CLINICAL RESEARCH

DOI: 10.4244/EIJV12I1A13

Transcatheter aortic valve implantation with the NVT Allegra transcatheter heart valve system: first-in-human experience with a novel self-expanding transcatheter heart valve

Peter Wenaweser1*, MD; Stefan Stortecky1*, MD; Torsten Schütz2, MD; Fabien Praz1, MD; Steffen Gloekler1, MD; Stephan Windecker1, MD; Albrecht Elsässer2, MD

Abstract

Aims: We aimed to demonstrate the feasibility and investigate the safety of a novel, self-expanding transcatheter heart valve in a selected patient population with severe aortic stenosis.

Methods and results: Between January and September 2013, a total of 21 patients with symptomatic severe aortic stenosis were eligible for transcatheter aortic valve implantation (TAVI) with the self-expanding NVT Allegra bioprosthesis (New Valve Technology, Hechingen, Germany) at two cardiovascular centres. Patients were elderly (age 83.8±4 years), predominantly female (95.2%), and all were considered to be at prohibitive risk for surgical aortic valve replacement (logistic EuroSCORE 30.4±11%). Procedural and device success was achieved in 95.2% and 85.7%, respectively. Echocardiographic assessment at discharge showed favourable haemodynamic results with a reduction of the mean transvalvular aortic gradient from 48.0±21 mmHg to 8.9±3 mmHg. In the majority of patients (90.5%), none or trace aortic regurgitation was recorded. Permanent pacemaker implantation was required in 23.8% of patients within the first 30 days of follow-up. Apart from one procedural death, no other serious adverse events were observed during the periprocedural period. TAVI with the NVT Allegra system was highly effective in alleviating symptoms and reducing NYHA functional class at 30-day follow-up.

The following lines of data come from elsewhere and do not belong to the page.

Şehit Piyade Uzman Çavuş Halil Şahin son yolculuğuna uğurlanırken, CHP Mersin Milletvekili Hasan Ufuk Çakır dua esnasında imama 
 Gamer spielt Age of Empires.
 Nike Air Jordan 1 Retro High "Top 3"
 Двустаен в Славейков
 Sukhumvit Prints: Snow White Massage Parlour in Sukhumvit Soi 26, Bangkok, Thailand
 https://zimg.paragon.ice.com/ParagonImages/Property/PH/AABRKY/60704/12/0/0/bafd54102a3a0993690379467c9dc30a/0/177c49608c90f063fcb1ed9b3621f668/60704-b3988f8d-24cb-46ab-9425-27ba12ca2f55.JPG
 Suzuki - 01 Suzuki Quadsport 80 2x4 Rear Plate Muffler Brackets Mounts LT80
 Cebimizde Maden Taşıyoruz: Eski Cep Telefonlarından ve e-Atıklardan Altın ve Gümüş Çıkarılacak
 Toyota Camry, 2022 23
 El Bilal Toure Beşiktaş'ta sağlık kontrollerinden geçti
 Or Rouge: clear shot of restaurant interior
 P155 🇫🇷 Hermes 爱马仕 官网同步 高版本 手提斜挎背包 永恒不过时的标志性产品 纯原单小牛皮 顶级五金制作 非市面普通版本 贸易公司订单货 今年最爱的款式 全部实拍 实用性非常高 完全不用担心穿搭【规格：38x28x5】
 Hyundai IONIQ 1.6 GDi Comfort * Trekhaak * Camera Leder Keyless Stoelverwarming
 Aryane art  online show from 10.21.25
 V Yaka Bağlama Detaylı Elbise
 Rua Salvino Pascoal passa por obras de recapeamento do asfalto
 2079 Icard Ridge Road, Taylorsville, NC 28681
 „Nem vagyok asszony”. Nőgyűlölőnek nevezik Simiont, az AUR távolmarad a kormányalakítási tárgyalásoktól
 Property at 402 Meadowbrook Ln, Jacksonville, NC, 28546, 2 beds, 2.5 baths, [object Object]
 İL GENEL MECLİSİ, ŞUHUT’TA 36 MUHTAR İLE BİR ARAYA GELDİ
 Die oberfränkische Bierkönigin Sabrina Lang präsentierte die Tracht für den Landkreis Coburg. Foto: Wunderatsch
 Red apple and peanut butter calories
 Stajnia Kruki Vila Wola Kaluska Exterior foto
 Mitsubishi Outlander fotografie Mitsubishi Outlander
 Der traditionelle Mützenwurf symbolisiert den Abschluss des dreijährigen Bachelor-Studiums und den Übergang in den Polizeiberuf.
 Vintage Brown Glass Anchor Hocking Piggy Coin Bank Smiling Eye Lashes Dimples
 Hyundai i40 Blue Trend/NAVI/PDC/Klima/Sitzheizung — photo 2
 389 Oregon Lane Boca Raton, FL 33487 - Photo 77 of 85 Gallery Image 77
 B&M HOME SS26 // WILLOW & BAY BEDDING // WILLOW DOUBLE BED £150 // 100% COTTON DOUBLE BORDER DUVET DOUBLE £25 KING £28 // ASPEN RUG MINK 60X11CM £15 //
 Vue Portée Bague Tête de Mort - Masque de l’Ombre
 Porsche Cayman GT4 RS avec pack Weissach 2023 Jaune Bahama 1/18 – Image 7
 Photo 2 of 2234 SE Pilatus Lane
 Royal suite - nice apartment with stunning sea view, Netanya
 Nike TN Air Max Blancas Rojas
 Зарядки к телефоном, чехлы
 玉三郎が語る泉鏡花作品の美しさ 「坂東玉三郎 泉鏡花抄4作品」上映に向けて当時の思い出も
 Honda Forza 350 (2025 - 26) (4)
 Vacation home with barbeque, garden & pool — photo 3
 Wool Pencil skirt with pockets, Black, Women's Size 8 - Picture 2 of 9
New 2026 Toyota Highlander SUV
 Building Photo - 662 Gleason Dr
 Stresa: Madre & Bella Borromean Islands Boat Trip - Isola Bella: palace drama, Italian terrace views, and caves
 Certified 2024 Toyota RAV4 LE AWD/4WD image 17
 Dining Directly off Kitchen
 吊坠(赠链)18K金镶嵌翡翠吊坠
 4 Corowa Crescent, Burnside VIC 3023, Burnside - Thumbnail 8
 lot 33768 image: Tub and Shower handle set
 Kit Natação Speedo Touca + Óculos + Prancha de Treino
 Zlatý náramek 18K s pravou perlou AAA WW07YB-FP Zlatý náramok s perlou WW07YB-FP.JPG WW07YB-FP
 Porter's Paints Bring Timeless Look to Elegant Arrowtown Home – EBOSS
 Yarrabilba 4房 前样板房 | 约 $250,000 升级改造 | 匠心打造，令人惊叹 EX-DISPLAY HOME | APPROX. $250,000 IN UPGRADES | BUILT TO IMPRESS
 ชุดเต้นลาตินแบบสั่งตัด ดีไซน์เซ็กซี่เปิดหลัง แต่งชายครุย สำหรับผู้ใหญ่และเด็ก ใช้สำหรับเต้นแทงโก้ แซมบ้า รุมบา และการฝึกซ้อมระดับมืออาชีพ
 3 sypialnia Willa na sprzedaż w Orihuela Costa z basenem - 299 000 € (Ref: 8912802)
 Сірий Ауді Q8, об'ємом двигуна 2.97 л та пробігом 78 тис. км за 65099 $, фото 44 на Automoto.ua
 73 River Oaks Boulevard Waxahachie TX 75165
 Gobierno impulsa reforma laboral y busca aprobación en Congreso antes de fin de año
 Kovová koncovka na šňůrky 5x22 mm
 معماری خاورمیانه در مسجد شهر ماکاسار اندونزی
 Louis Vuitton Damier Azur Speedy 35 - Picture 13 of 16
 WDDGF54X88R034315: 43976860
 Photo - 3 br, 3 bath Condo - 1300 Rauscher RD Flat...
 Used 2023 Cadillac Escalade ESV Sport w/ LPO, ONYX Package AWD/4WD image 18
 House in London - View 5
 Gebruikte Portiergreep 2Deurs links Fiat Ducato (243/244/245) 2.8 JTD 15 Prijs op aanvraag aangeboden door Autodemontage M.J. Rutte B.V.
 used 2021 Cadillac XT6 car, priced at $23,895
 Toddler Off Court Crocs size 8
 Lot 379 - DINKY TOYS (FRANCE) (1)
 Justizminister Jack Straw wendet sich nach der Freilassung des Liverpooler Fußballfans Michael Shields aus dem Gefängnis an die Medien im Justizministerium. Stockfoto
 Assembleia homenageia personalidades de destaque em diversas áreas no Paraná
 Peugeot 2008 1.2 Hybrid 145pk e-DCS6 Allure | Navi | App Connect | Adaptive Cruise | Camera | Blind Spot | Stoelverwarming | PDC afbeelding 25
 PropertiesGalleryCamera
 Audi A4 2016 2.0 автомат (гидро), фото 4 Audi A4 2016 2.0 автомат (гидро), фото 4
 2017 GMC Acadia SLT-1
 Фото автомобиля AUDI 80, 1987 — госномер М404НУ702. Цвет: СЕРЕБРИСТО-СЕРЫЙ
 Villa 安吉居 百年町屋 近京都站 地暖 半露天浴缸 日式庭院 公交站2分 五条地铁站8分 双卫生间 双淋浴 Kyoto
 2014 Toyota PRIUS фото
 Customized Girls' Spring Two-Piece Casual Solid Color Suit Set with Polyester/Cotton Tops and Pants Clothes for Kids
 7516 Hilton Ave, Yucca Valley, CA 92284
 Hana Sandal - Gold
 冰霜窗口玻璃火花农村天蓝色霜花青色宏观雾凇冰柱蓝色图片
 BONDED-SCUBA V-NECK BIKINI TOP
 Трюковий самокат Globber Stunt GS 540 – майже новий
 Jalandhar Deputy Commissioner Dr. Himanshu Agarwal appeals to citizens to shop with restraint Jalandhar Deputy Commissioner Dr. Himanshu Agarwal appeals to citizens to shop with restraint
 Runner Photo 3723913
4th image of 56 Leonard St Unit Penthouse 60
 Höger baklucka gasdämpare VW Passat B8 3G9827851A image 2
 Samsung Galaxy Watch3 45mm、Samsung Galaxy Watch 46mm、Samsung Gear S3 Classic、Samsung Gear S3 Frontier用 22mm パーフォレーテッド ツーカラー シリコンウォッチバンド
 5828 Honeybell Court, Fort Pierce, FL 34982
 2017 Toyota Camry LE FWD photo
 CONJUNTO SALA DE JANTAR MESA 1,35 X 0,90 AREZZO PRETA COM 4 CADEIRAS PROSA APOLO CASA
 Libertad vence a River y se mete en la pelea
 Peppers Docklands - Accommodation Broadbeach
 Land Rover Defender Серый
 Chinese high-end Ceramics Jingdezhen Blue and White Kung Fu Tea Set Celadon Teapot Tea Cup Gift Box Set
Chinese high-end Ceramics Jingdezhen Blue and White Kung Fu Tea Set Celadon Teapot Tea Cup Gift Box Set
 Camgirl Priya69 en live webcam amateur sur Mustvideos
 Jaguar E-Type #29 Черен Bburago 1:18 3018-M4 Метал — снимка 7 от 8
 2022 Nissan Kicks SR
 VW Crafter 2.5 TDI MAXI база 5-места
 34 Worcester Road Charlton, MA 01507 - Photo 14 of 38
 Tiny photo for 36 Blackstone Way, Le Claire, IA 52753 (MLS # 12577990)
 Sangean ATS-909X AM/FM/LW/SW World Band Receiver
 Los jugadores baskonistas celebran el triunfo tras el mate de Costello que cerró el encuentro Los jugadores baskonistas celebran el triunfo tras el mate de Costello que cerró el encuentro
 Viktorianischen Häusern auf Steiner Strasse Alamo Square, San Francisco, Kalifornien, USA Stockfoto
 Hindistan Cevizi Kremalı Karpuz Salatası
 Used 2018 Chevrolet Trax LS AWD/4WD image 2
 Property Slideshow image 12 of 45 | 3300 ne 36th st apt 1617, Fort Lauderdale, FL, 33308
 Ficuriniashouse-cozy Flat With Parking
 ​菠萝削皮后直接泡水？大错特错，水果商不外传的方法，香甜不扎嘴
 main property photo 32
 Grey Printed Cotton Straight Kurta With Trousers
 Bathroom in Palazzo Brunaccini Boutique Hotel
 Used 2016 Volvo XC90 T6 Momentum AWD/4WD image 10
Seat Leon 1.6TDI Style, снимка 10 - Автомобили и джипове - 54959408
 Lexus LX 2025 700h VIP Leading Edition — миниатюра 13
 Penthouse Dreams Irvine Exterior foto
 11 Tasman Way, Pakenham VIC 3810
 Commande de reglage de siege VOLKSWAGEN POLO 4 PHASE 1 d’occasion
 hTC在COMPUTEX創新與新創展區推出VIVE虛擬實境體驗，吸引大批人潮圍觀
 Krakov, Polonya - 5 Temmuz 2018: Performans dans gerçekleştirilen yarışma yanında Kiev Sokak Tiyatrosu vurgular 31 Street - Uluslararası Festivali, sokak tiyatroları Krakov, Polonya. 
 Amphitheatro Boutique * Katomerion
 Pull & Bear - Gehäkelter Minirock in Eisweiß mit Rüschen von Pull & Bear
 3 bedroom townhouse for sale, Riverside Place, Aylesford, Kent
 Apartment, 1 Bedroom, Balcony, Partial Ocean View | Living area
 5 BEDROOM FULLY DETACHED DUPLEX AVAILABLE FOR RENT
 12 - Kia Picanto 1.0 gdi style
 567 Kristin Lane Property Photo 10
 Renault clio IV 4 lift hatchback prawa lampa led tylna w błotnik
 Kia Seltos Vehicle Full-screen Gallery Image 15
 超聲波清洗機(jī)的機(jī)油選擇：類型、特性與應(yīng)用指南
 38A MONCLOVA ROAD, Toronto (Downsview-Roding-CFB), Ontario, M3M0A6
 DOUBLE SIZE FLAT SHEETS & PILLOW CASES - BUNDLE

Conclusions: The first-in-human experience with the NVT Allegra transcatheter heart valve prosthesis was associated with a high rate of procedural success. Furthermore, the NVT Allegra bioprosthesis was able to achieve favourable haemodynamic results and effectively alleviate symptoms at 30-day follow-up. The larger, multicentre NAUTILUS study will provide further information on the safety and efficacy of this novel, second-generation transcatheter aortic bioprosthesis.

Introduction

Transcatheter aortic valve implantation (TAVI) is the treatment of choice for inoperable and high-risk patients with symptomatic, severe aortic stenosis1. Since the first TAVI procedure in 20022, the technology has been constantly improved and refined3. Today, TAVI represents a standardised treatment with low rates of periprocedural complications. Rates of device success are high across various multicentre studies4-6; however, in contemporary clinical practice, malpositioning or embolisation of TAVI devices is still reported in up to 4% of cases6. Novel TAVI devices aim to overcome the shortcomings of earlier-generation devices such as prosthesis malpositioning or embolisation and paravalvular aortic regurgitation, as well as new onset of conduction disturbances. Herein, we describe the technical features of the NVT Allegra transcatheter heart valve (New Valve Technology, Hechingen, Germany) and report the first-in-human clinical experience during 30 days of follow-up.

Methods

TAVI with the NVT Allegra bioprosthesis was performed in 21 selected patients with symptomatic, severe aortic stenosis at two cardiovascular centres (Department of Cardiology, Swiss Cardiovascular Center Bern, Bern University Hospital, Bern, Switzerland, and the Department of Cardiology, Heart Center Oldenburg, Oldenburg, Germany) (Figure 1).

Patient population

The inclusion criteria of the study are provided in the Online Appendix. Patients were considered eligible for participation in this first-in-human study when deemed at high or prohibitive risk for conventional surgical aortic valve replacement (SAVR) after the assessment of a multidisciplinary Heart Team. Patient screening and selection was performed using a detailed pre-procedural work-up, including coronary angiography, multislice computed tomography scan and transoesophageal echocardiography, to comprehend fully the periprocedural risk and the anatomical setting of the patient. All patients provided written informed consent for treatment with an investigational device and for prospective data acquisition, which was approved by the local ethics committees and the German/Swiss healthcare authorities. Short-term clinical outcomes were reported according to the standardised endpoint definitions recommended by the Valve Academic Research Consortium7.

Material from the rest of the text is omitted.